Artigos de Opinião

Neste espaço poderá encontrar os artigos que ao longo dos últimos anos foram sendo escritos por Carlos Zorrinho e publicados em diversos meios de comunicação social.

Veneno

Que alguns governos, de que o atual tem sido um exemplo, têm tendência para se esquecerem do Alentejo, já não é surpresa para ninguém. Somos poucos, elegemos poucos deputados e numa perspetiva de pequena política e visão de curto prazo, apostar na região não paga os juros almejados na arena dos pequenos poderes.
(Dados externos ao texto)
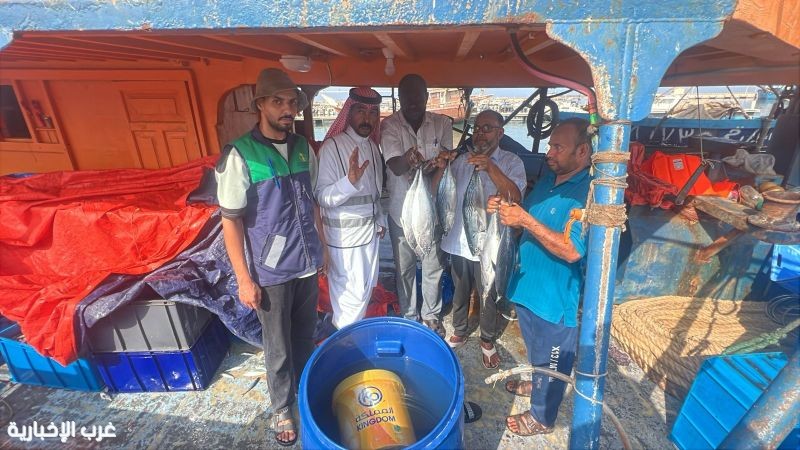 ‏بيئة القنفذة تنفذ جولات رقابية على مراكب الصيد تزامناً مع بدء حظر صيد الروبيان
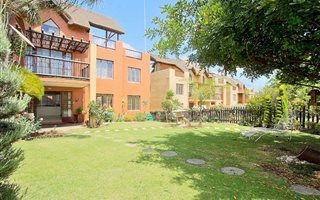 3 Bedroom Apartment in Edenglen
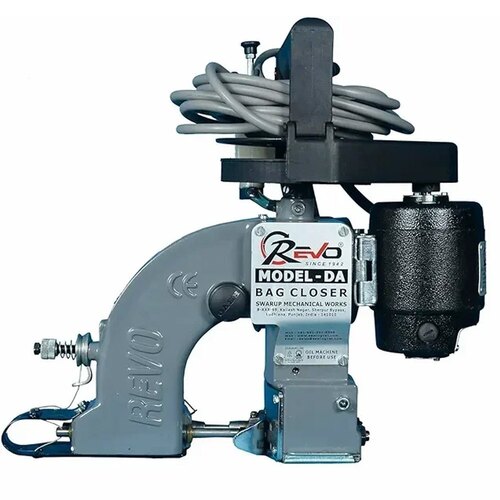 व्हाइट एंड ब्लैक रेवो बैग क्लोजर सिलाई मशीन सिंगल नीडल टू थ्रेड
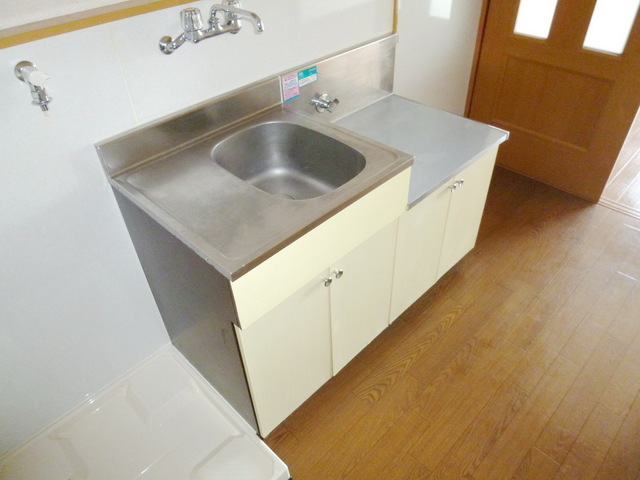 Kitchen. Gas stove 2 burners installed Allowed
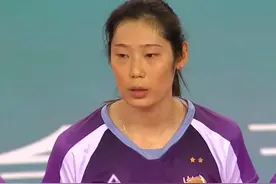 恒大女排自身失误多，0-3天津队，方岩再次发火，朱婷得21分图片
Nos últimos tempos tem sido raro o dia em que não somos surpreendidos na imprensa nacional ou regional com notícias sobre atrasos, dúvidas, hesitações e recuos, algumas depois desmentidas em comunicados lacónicos, incidindo sobre projetos decisivos para a sustentabilidade da nossa economia, para a melhoria dos serviços de saúde ou para o aproveitamento das acessibilidades, designadamente dos novos eixos ferroviários e rodoviários.

O que estes sinais nos dizem é que as convicções das autoridades governamentais sobre a visão para o futuro do nosso Alentejo, do nosso Distrito e de cada um dos seus Concelhos são frágeis, aparentemente não concertadas internamente e muito dependentes das circunstâncias e do sentido para onde sopra o vento.

Perante esta constatação, quem elegemos para nos representar na Assembleia da República, nos Municípios e nos órgãos intermunicipais tem que estar particularmente atentos e proativo. Verdade seja dita que alguns o têm feito com empenho e ajudado a travar processos e intenções lesivas para a nossa terra, para o bem-estar e a qualidade de vida dos cidadãos e para a sua dinâmica económica, social e cultural.

Remediar é muitas vezes necessário, mas como diz o povo na sua sabedoria imensa, prevenir é o melhor remédio. Com a parceria da corajosa e imprescindível da comunicação social local e regional, que com muitas dificuldades e sacrifícios, continua a ser um esteio da democracia, da pluralidade e da informação, a nossa região tem que ter mais voz e mais vozes a afirmar a sua centralidade e o seu potencial, não apenas para quem nele quer viver e investir, mas para todo o País e para o reforço das ligações políticas e económicas da União Europeia com o Arco Atlântico e com a bacia Mediterrânica.

Se nos querem esquecer temos que ser nós a levantar a voz. O contraditório quotidiano em defesa dos diferentes projetos políticos é saudável e legítimo, mas não deve impedir a convergência numa perspetiva de médio e longo prazo, em que aquilo que enquanto Alentejanos nos une, é suficientemente forte para suplantar aquilo que nos divide.

Defender o Alentejo é um desafio coletivo, em que deixar andar ou optar por registos politiqueiros constitui um veneno silencioso. Um veneno a que não podemos soçobrar.